If anyone strikes you on the cheek, offer the other also”.

Or, as the version of this saying in Matthew’s Gospel puts it, “Turn the other [cheek]”.

It’s possibly one of the best-known sayings of Jesus.

Indeed, it’s become proverbial.

But, if we’re perfectly honest…

it’s also one of the hardest and most uncomfortable sayings of Jesus.

After all, none of us likes to be picked on.

And none of us likes bullies.

When we’re snubbed or slighted…

when someone, intentionally, causes us injury or insults us––

or someone whom we care about––

we want to protect and defend ourselves;

we want to make them stop;

we want to retaliate.

It’s instinctive.

It’s human nature.

On a societal level…

it’s why we pay so much to maintain the military or the police force;

it’s why, in many respects, the whole legal system exists.

‘Turning the other cheek’ seems to imply a passivity that goes against our conventional wisdom…
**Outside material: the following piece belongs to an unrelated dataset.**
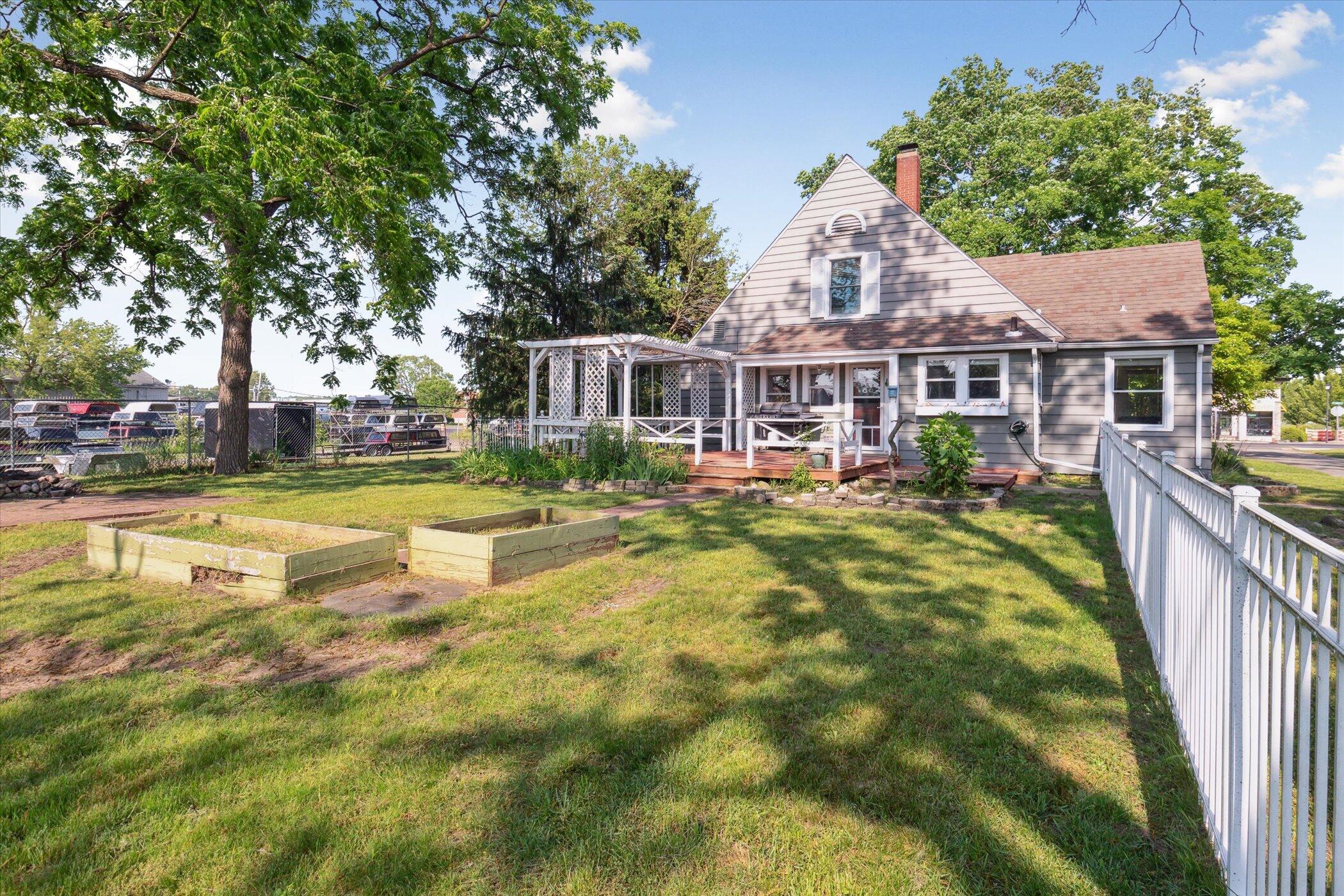56336 S Main Street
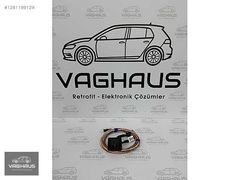 VW Caddy Geri Görüş Kamerası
and our most primal instincts.

And yet… 

we also know that retaliation and revenge only perpetuate humanity’s problems.

As Martin Luther King Jr once said, “The old law of an eye for an eye leaves everybody blind”.

And, in this regard, he was quite unequivocal:

“Hate scars the soul and distorts the personality…Returning hate for hate multiplies hate, adding deeper darkness to a night already devoid of stars. Darkness cannot drive out darkness; only light can do that. Hate cannot drive out hate; only love can do that. Hate multiples hate, violence multiplies violence…in a descending spiral of destruction”.

So…

“Far from being the pious injunction of a Utopian dreamer, the command to love one’s enemy is an absolute necessity for our survival”.

King––

who drew on the ethos and practices of Gandhi…

who, in turn, was inspired by this saying of Jesus––

interpreted the injunction to love one’s enemy… 

not as a form of passivity or passive-aggression…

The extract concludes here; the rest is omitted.